I realized today that I have been very slack at keeping up with my blog! My intentions are good but time seems to get away from me. In looking through the July 1954 issue of American Shetland Pony Journal I found this poem reprinted –
The Prayer of a Horse
To Thee, My Master, I Offer My Prayer.
Feed me, water and care for me and when the day’s work is done provide me with shelter… a clean, dry bed and a stall wide enough for me to lie down in comfort. Talk to me, your voice often means as much to me as the reins. Pet me sometimes that I may serve you the more gladly and learn to love you.
Do no jerk the reins and do no whip me when going up hill.

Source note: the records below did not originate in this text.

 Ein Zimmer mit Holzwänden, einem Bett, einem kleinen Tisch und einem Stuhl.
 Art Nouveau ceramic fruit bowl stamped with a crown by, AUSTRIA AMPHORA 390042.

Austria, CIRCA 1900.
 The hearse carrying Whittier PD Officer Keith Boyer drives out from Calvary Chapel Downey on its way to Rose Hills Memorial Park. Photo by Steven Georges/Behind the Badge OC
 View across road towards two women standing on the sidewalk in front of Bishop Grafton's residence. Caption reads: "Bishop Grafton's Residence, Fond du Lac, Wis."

Never strike, beat or kick me when I do not understand what you mean, but give me a chance to understand you. Watch me and if I fail to do your bidding, see if something is not wrong with my harness or feet.
Examine my teeth when I do not eat. I may have an ulcerated tooth and that, you know , is very painful. Do not tie my head in an unnatural position or take away my best defense against flies and mosquitoes by cutting off my tail.
And, finally, Oh my Master, when my useful strength is gone, do not turn me out to starve or freeze, or sell me to some cruel owner to be slowly tortured, and starved to death, but do Thou, my Master, take my life in the kindest way and your God will reward you here and hereafter. You may not consider me irreverent if I ask this in the name of HIM who was born in a stable. Amen
There is no author given for the poem but the article says that the poem was printed and framed on a wall at the Willliam McKinley Stewarts at Grayslake, IL and through the courtesy of Mrs. Stewart, a copy was given to the Journal office. I think it’s a beautiful poem so aptly expressing what our horses/ponies must feel.